CommonBond partners with Fifth Third Bank for student loan refinancing

Back in March CommonBond closed one $50 million Series D investment led by the venture capital arm of Fifth Third Bank, a top 25 bank (by assets) based in Cincinnati, Ohio. Today, we see some of the fruits of this strategic partnership as the two companies announce the launch of student loan refinancing for Fifth Third Bank customers.

I met briefly with CommonBond CEO David Klein today to discuss this deal. The first thing he said was that this is a co-branded offering between CommonBond and Fifth Third, it’s not a white label solution. Until today, Fifth Third Bank had no student loan refinance offers and today they have a dedicated page explaining this new partnership. On this page, interested customers can click on a CommonBond landing page and from there they go through the standard CommonBond funnel when applying for a loan.
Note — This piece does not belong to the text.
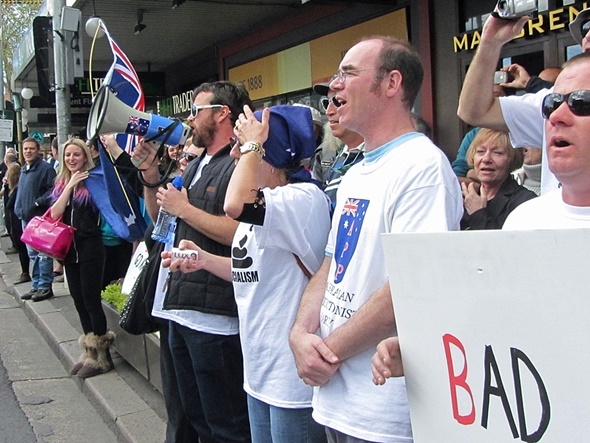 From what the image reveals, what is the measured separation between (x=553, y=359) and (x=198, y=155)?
8.54ft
So what you actually have is a large captive distribution channel for CommonBond that will share some of the economy of those converted leads with Fifth Third. But David was quick to point out that this is only the first phase of what will eventually be a much deeper multi-pronged relationship. Here’s what he had to say in the official Press release:

With this partnership, we combine the best of financial and banking technology to improve consumers’ personal finances. Both companies enjoy providing great financial products to their customers, building lasting brands that matter, and having an outsized impact on communities across the United States.

There was a flurry of new bank-fintech partnerships announced in the second half of the year, but this is one of the first in the area of ​​student loans. The reality is that the student loan problem is huge and getting worse every year. Anything that can be done to alleviate at least some of the debt burden should be encouraged. I think every bank will eventually offer some sort of student loan given the magnitude of the problem. Fifth Third is one of the early adopters here and I think it will work well for them and for CommonBond.